А вот что пишет обо всем  этом печально знаменитый  атаман П.Н. Краснов:
« Дон раскололся в это время на два лагеря — казаки и крестьяне. Крестьяне за малым исключением были большевиками…
Попытки ставить крестьян в ряды донских полков кончались катастрофой. Крестьяне изменяли казакам, уходили к большевикам … воронежские, харьковские, саратовские и т. д. крестьяне не только не воевали с большевиками, не освобождали этой Родины от них, но шли против казаков. 
Без немцев Дону не освободиться от большевиков — это было общее мнение фронтового казачества… Совершенно иначе смотрела донская интеллигенция и особенно пришлые из России люди…
Дон раскололся на ориентации. Весь простонародный, хлеборобный Дон и большая часть интеллигенции держались германской ориентации, напротив, члены могущественной кадетской партии и многие политические беженцы считали, что все спасение Дона в демократии Англии и Франции, которые придут и спасут и Дон, и Россию. Как спасут? Непременно и не иначе, как живой силой» (Краснов П.Н. «Всевеликое войско Донское»)
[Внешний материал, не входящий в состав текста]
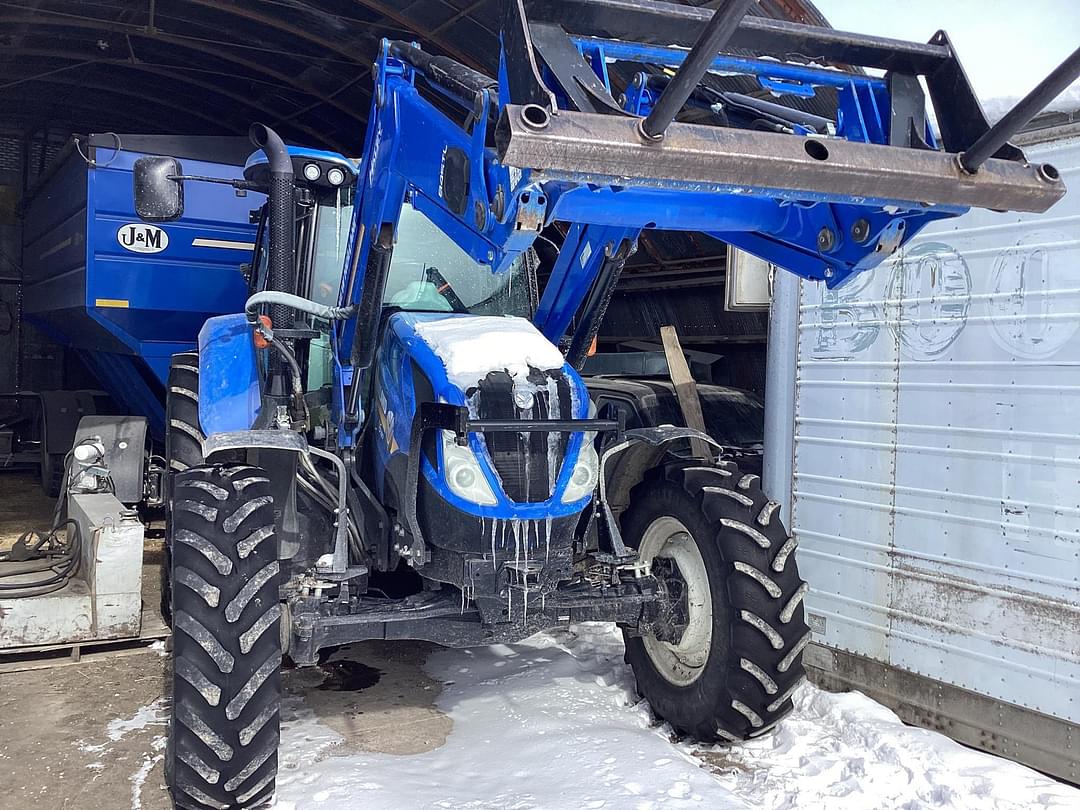 Image of New Holland T6.180 Image 1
         Подчеркнем что «немцы», на которых Бунин, Краснов и прочие тогдашние «контрики» возлагали такие надежды по усмирению их собственного, русского народа – это те  самые, недавно горячо ненавидимые ими же,  жестокие враги,  те с кем Россия три с лишним года вела тяжелейшую войну, высокопарно называемую в газетах «Второй Отечественной».
Именно в «сотрудничестве с немцами» совсем недавно они же упрекали большевиков, и требовали суда над их лидерами…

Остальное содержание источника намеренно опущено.